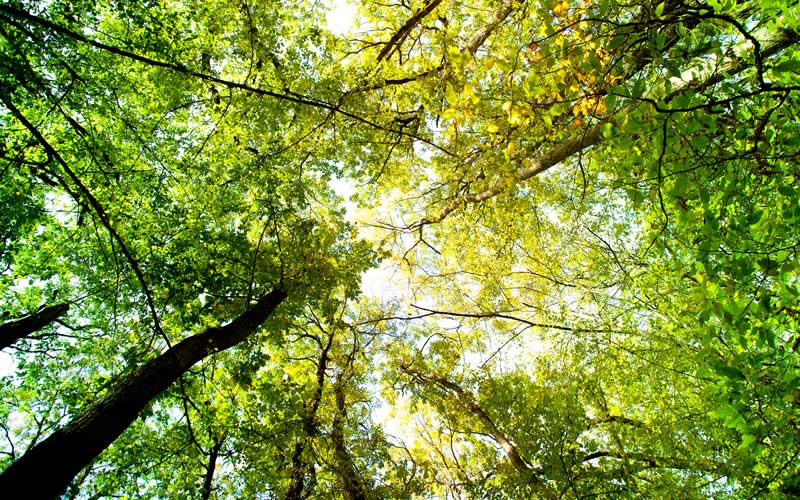 going-green
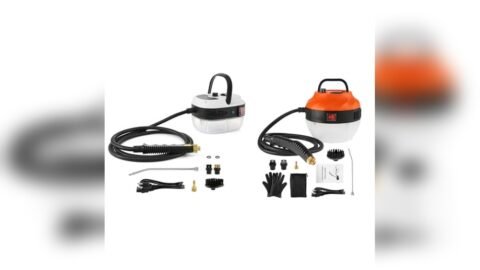 4 Best Steamer for Auto Detailing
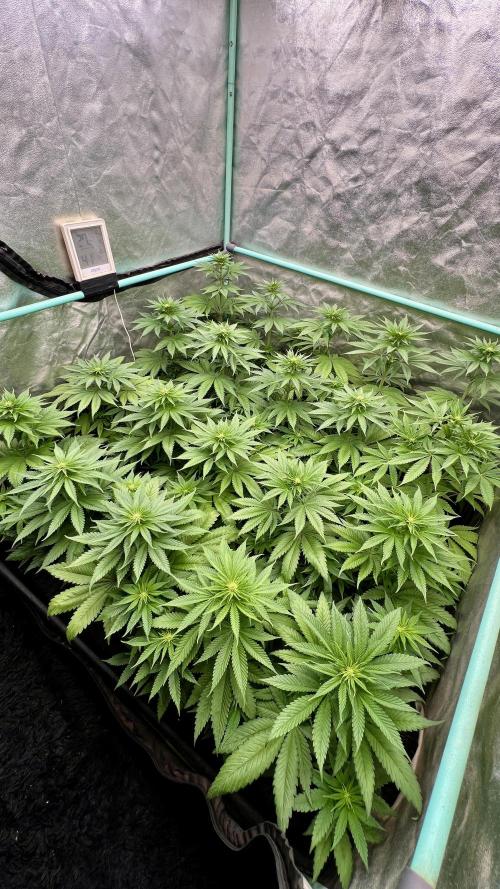 Green Crack. Week 5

- - - - -

• YOUR TASK: Everything in the data above, apart from the pictures, should be retyped exactly.

• TASK OUTPUT:
 going-green
 4 Best Steamer for Auto Detailing
 Green Crack. Week 5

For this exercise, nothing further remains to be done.